I sucked in several deep breaths, then said over my shoulder, “Surveillance tapes.”
“Of what?”
“Cosmo, being watched when he was sleeping.”
“What do you mean, watched?”
Knight stalked over to me and took the remote from my hand. I stepped past him, averting my eyes from the TV, and crouched by a shelf with rows and rows of CDs.
“What the fuck have we walked into?” Knight snapped.
I thumbed through the CDs and found they were organized according to the year.
“We’re going to need all this as potential evidence,” I said. Something didn’t add up. Cosmo had said his Daddy told him sex was bad and that he shouldn’t let anyone one touch him. Did that include himself? How did the mother fit into this scenario?
“Sir, look at this.”
Knight walked over to the agent who called his attention. Nothing else in this room seemed noteworthy, and I had no interest in watching all the videos to find out just what Cosmo had endured in this house.

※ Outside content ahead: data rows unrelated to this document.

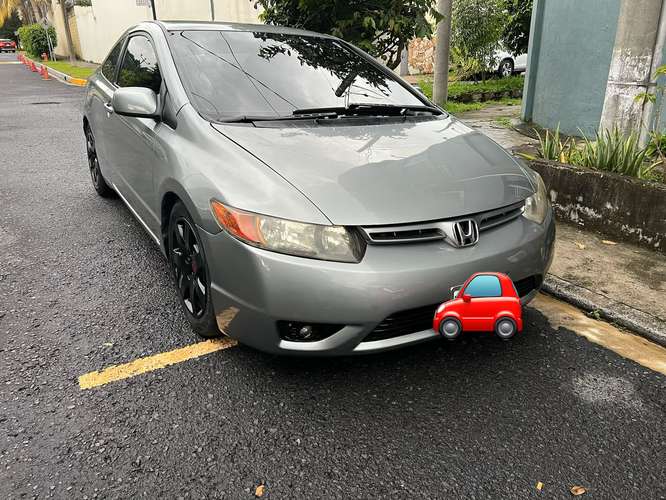 Honda civic 2007 r18 automático vidrios eléctricos, a/c helando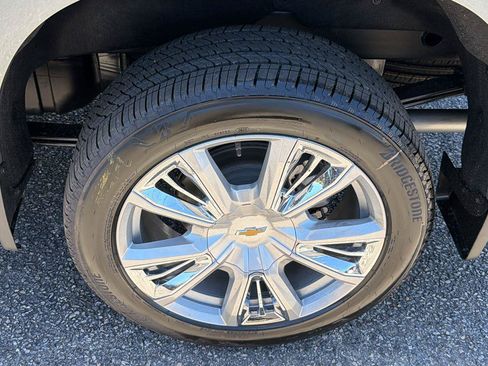 New 2026 Chevrolet Silverado 1500 High Country AWD/4WD image 9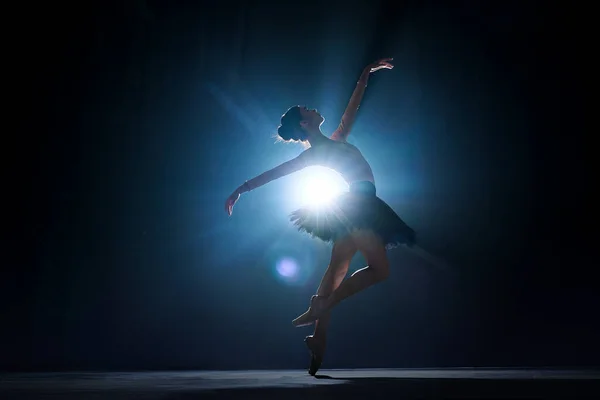 Приваблива Художня Талановита Молода Дівчина Балерина Танцює Класичний Танець Виступаючи — стокове фото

“I’m going to check another room,” I said. “Someone called the crime scene investigator?”
“I did,” Knight replied. “Be careful.”
I nodded and left the room. A door to the right led to a bedroom, but it wasn’t the one I sought, so I closed the door again. I finally found it at the end of the hall. The bedroom had no door, no sense of privacy. The room looked the same as in the video, with rainbows and flowers painted on the ceiling and walls. If I hadn’t seen that video first, I might have thought it was the room of a spoiled and pampered child. Somewhere in this room was a camera that had documented everything that Cosmo had done in this room.

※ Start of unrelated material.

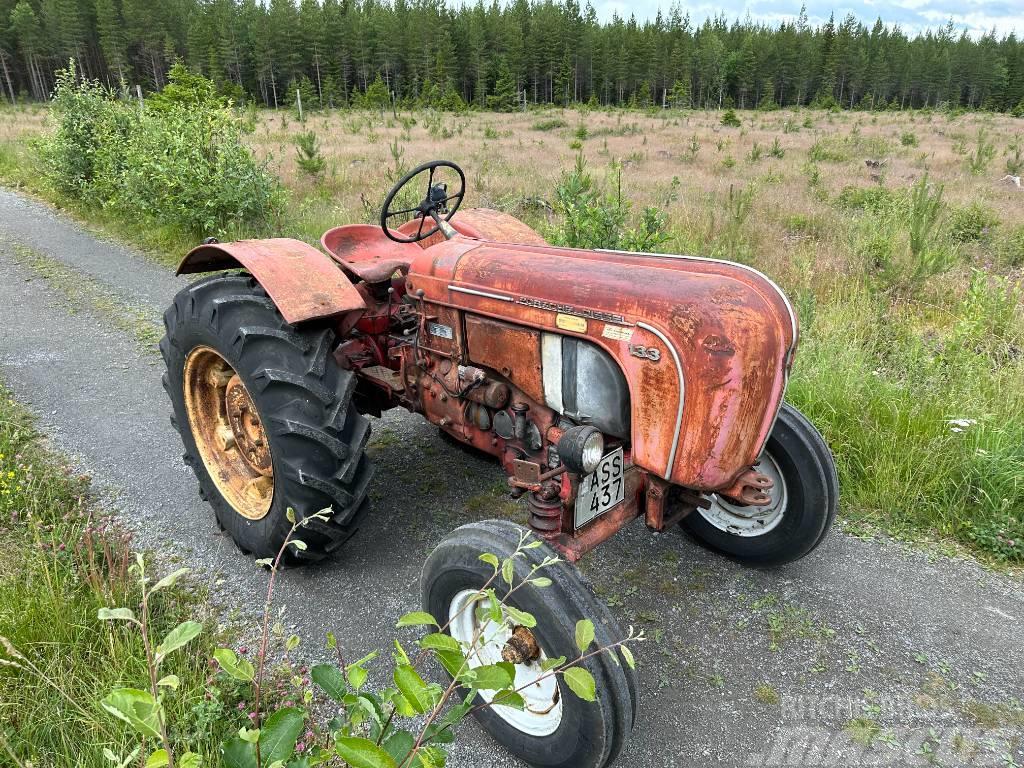 Porsche A133 traktor originalskick Tracteur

On a high shelf, I found several popular kids’ books but also textbooks for all age ranges: history books, language books, and several on science. A bound book with no subject caught my attention. I pulled it out and opened it. A picture of Cosmo as a little boy no more than four but already in makeup graced the inside cover. I flipped the pages. List of foods and dates. What the hell? This looked like an intense diet plan for Cosmo. Every single day, there were entries of what he ate three times a day, the portion, and how many calories it contained. At the end of each week, his weight had been noted.